When discussing the transition of torah sheba’al peh from knowledge that was transmitted orally to knowledge that is primarily studied via texts, we tend to think of the mishnah as the first text to record the oral law. Yet, a comment recorded on our daf adds important nuance. “Rav said, ‘I found a hidden scroll, and in it was written that ishi ben Yehuda says that the forbidden melachot are forty less one, and one is liable only on one’”. While the mishnah was the first official oral text, apparently there were “secret documents” floating around that had records of the oral law.

Rashi notes that these secret scrolls were necessary because it was forbidden, at that point in history, to record the oral law—but only for posterity. It was unreasonable to expect people to recall all that they had learned by heart, and students would thus take notes on new material learned, lest they forget it. They would then—and from Rashi, it appears this was done immediately after being written down—hide these scrolls. Presumably the act of taking notes, in and of itself, would serve as a great memory aid, allowing the scrolls to then be hidden away.

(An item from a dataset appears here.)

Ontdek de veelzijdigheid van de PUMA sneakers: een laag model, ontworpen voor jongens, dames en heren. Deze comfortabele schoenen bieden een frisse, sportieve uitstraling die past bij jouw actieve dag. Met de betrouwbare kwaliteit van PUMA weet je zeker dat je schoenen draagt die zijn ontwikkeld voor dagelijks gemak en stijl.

What is interesting to note is the content of this hidden scroll; namely, the information that there are 39 forbidden categories of work on Shabbat. While any pre-bar-mitzvah yeshiva student knows this fact, apparently in early Talmudic times this was not only not widely known, it had to be written down, lest it be forgotten. As the mishnah in Chagiga notes, the laws of Shabbat “are like a mountain being held up by a thread of hair”. The only activity specifically prohibited by the Torah on Shabbat is that of lighting a fire (and possibly plowing and harvesting; see Shemot 34:21), and it took rabbinic exegesis to determine that there are actually 39 biblical categories of forbidden work.

Even if one were to argue that it was the second part of the statement—interpreted by the Talmud to mean that not all of the melachot are considered capital offences—that needed recording, the fact that the 39 melachot were also written down is quite telling.